From Loki Canary doc
Loki Canary is a standalone app that audits the log-capturing performance of a Grafana Loki cluster.
For a Loki cluster, how many Loki Canary instances will need to be deployed? Is it necessary needed to run Loki Canary on all client nodes in a single environment? eg in an environment with 50+ nodes, do we need to run Loki Canary in all 50+ nodes or it will be fine to run on like 3-5 nodes to collect the necessary Loki performance’s data?
The doc said
The defaults of
spot-check-max means that after 4 hours of running the canary will have a list of 16 entries it will query every minute (default
spot-check-query-rate interval is 1m), so be aware of the query load this can put on Loki if you have a lot of canaries.
I will assume it is not a good idea to run too many canaries.
In my opinion Canary is sort of like an end-to-end test for the Loki cluster and the environment where your logs would be coming from. For us, we deploy exactly one canary to each of our VPC. For our development and staging environments we sometimes disable the canary after initial testing, for upper environments we leave them running.

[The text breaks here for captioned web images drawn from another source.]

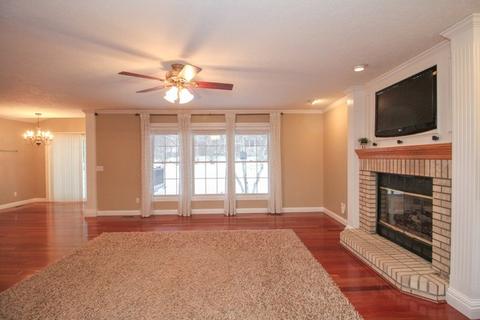 1007 Sterling Glen Cc Ct, Normal, IL 61761 photo 13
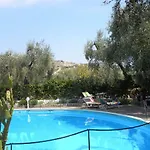 Wine & Roses Hotell Mattinata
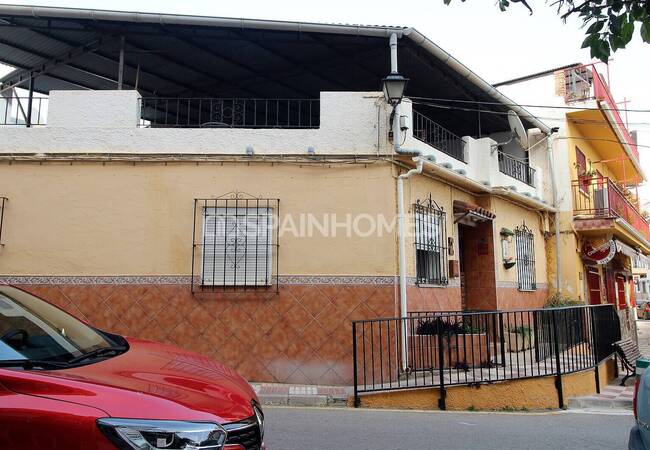 Centrally-located Home with Sea View in Benalmadena 40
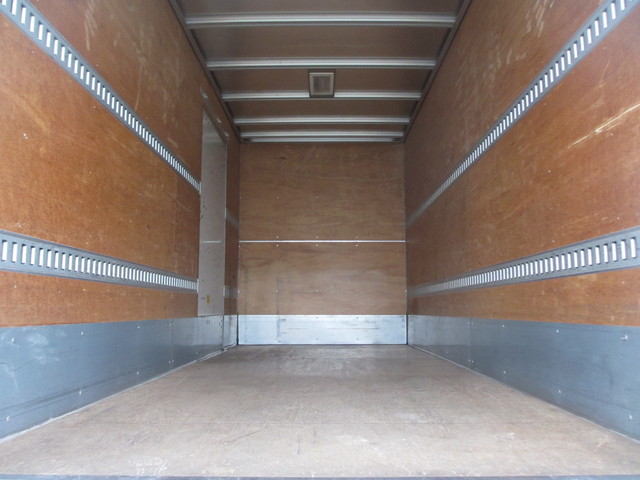 いすゞエルフアルミバン小型（2t・3t）[写真08]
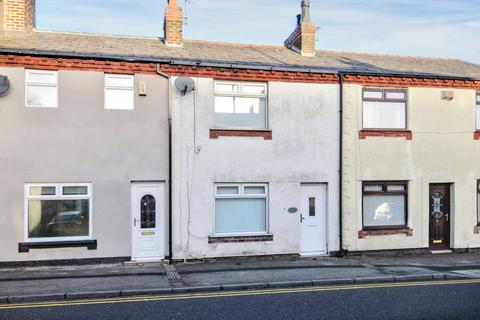 2 bedroom terraced house to rent, Castle Hill Road, Hindley, WN2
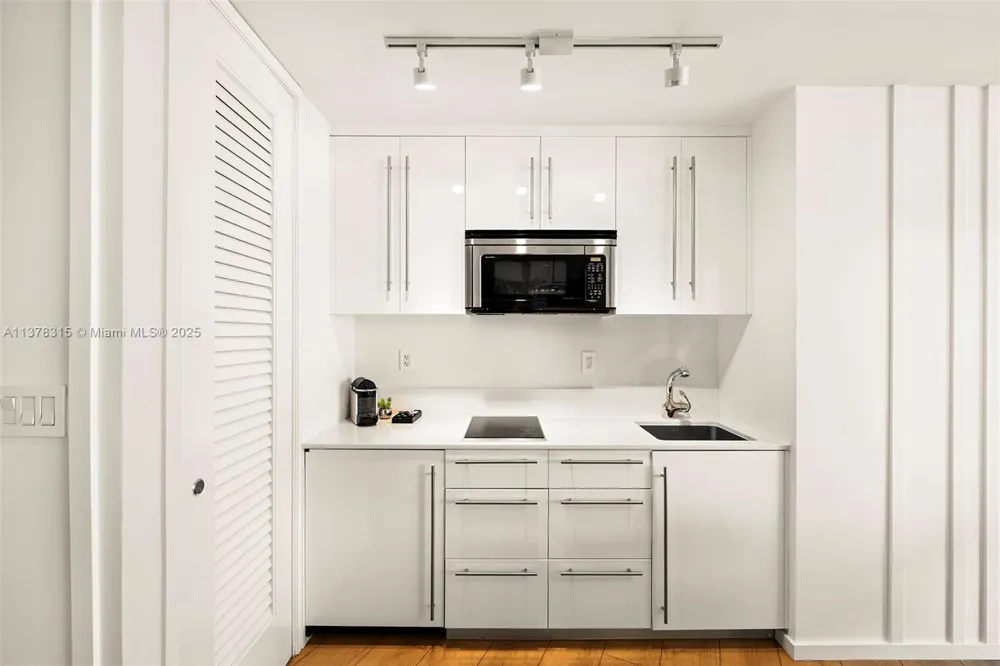 2201 Collins Ave #811 Miami Beach, FL 33139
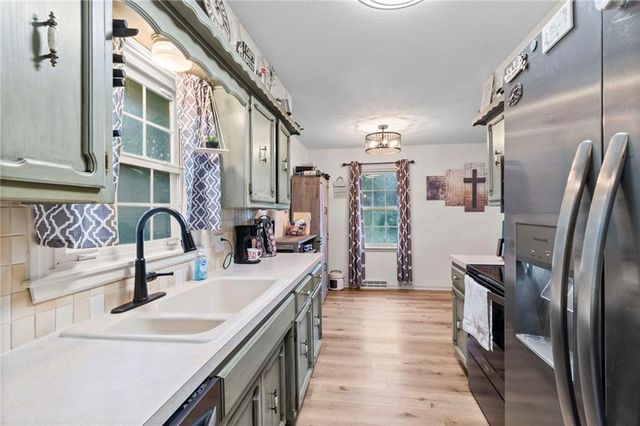 205 E Dauxville Drive, Richmond, MO 64085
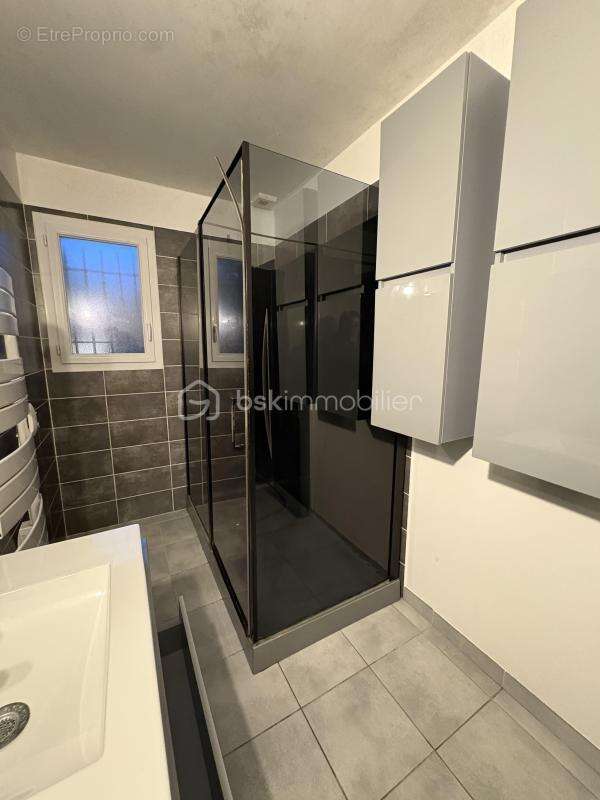 Maison à COURS-DE-PILE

This is what I thought too where we don‘t really need to run canary in all nodes but like one ( or few ) per enviornment or per vpc to collect the metric on how Gafana Loki cluster work. However the doc didn’t really mention anything other than one comment said if you have many canaries it will add load to Loki. Even the diagram seem to show many canaries
It didn’t bother me too much, and while it can be more clear it is also technically correct. We are running many canaries (maybe about 20), even though they are from different environments. And it’s probably not the responsibility of the doc to assume how canary should be deployed.

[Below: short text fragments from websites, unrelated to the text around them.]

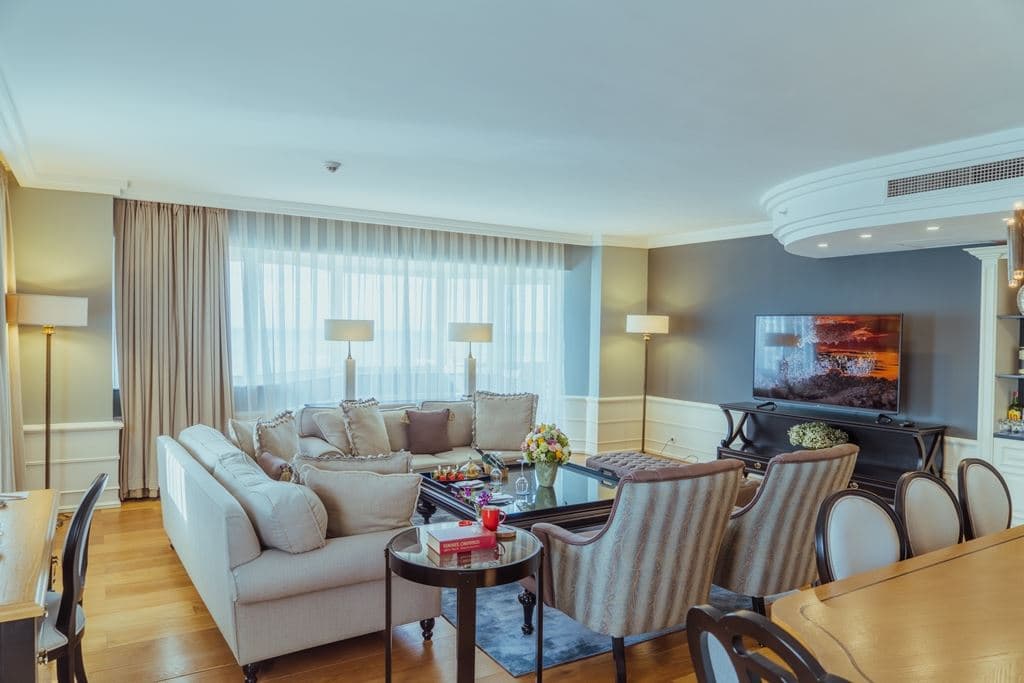 rooms-king-suite
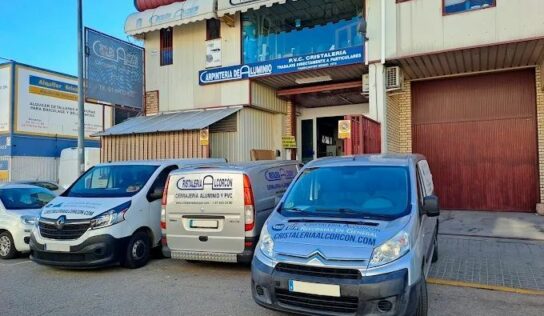 Cristalería Alcorcón expande su negocio de ventanas de aluminio y PVC a Málaga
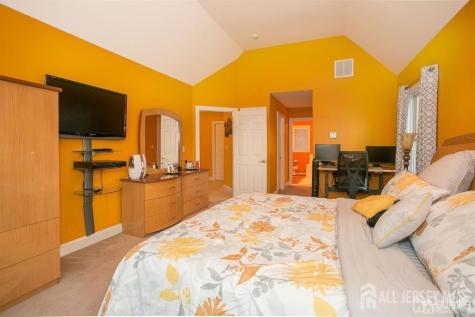 43 Melbloum Lane Edison NJ 08837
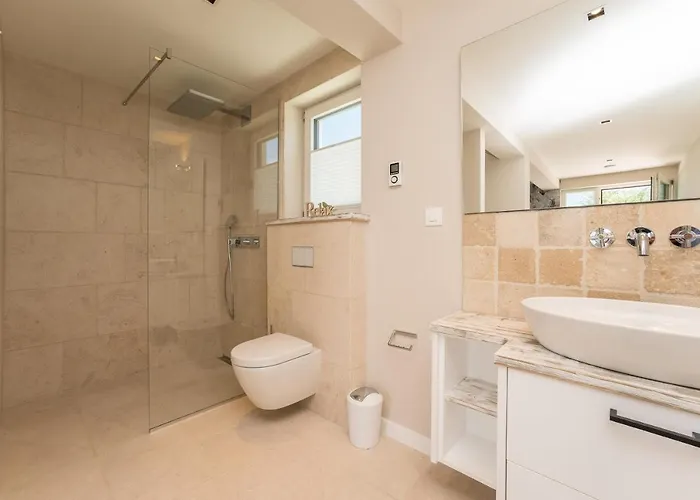 Four Seasons Seaside B With Heated Pool And Jacuzzi, Zadar *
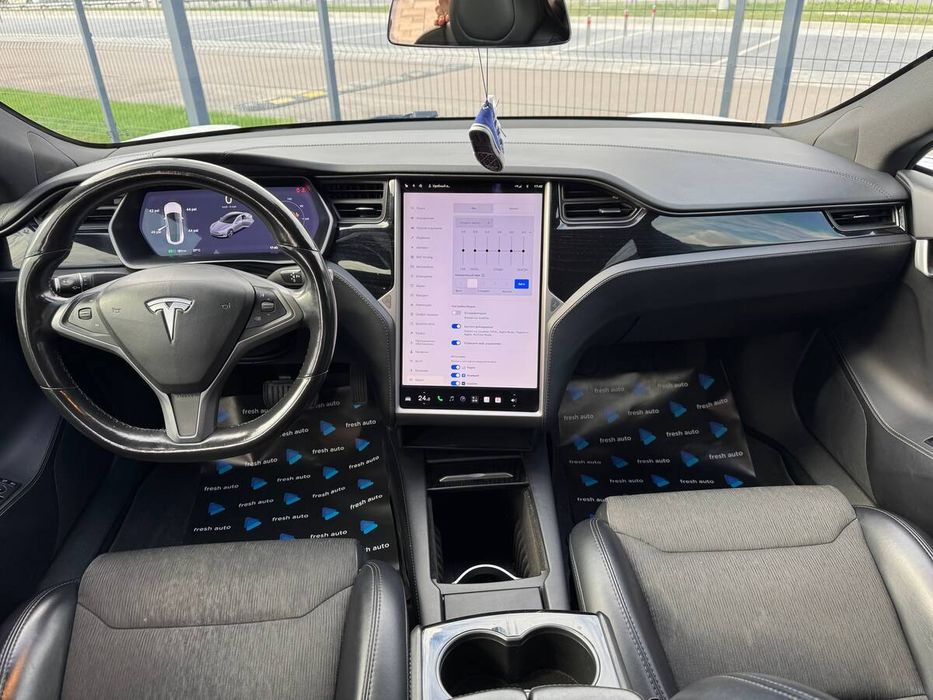 Tesla Model S 2018 freshauto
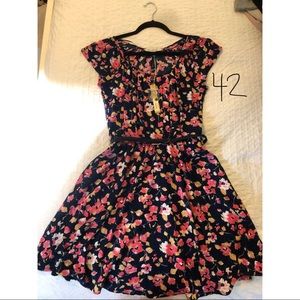 LC belted floral dress, NWT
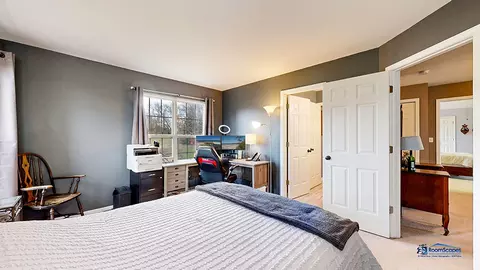 Bedroom - 916 Silver Glen Rd, Mchenry, IL 60050 photo 9 of 11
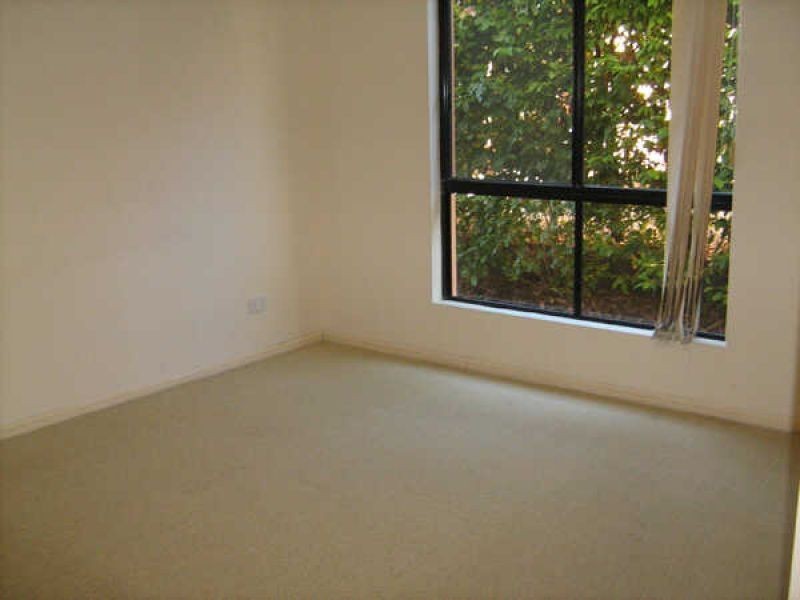 3/12 Advance Place, Sunrise Beach QLD 4567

you have 20 canaries against one loki cluster? did you see any short spike in loki querier?
Not really, compared to real log traffic canary logs are trivial. We still took some precautions:
We kept the size default (which is small, 100 bytes).
We set the
interval to be higher. Default is 1s, but i think we run 60s in lower environments and 30s in production.
We use a dedicated tenant (with 7-day retention override) in Loki for canaries. This is only applicable if you run Loki with multi-tenant.